If we're creating a Spark Managed Table as above, Spark not just managing the table metadata but the data itself as well. If you drop a managed table, the data will be also deleted.

### Unmanaged tables

In [14]:
spark.sql('create database test_db')
spark.sql("CREATE TABLE flights_unmanaged(DEST_COUNTRY_NAME string, ORIG_COUNTRY_NAME string, count int) using csv options (path '/tmp/flights.csv')")

DataFrame[]

In [15]:
spark.sql('select * from flights_unmanaged limit 10').show()

+-----------------+-----------------+-----+
|DEST_COUNTRY_NAME|ORIG_COUNTRY_NAME|count|
+-----------------+-----------------+-----+
+-----------------+-----------------+-----+



In [19]:
flightsDF \
    .write \
    .option('path', '/tmp/flights.csv') \
    .insertInto('flights_unmanaged')

In [20]:
spark.sql('select * from flights_unmanaged limit 10').show()

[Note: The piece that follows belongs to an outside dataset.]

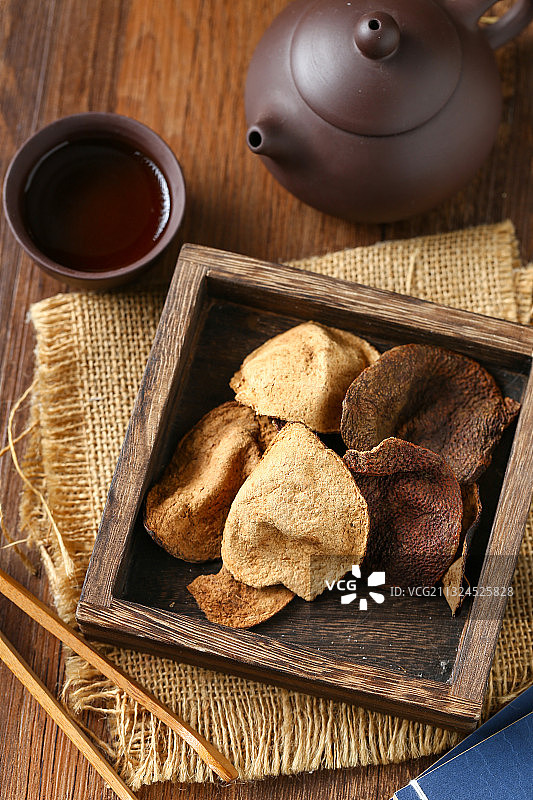 新会陈皮放在木盒里图片素材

+-----------------+-----------------+-----+
|DEST_COUNTRY_NAME|ORIG_COUNTRY_NAME|count|
+-----------------+-----------------+-----+
|    United States|          Romania|   15|
|    United States|          Croatia|    1|
|    United States|          Ireland|  344|
|            Egypt|    United States|   15|
|    United States|            India|   62|
|    United States|        Singapore|    1|
|    United States|          Grenada|   62|
|       Costa Rica|    United States|  588|
|          Senegal|    United States|   40|
|          Moldova|    United States|    1|
+-----------------+-----------------+-----+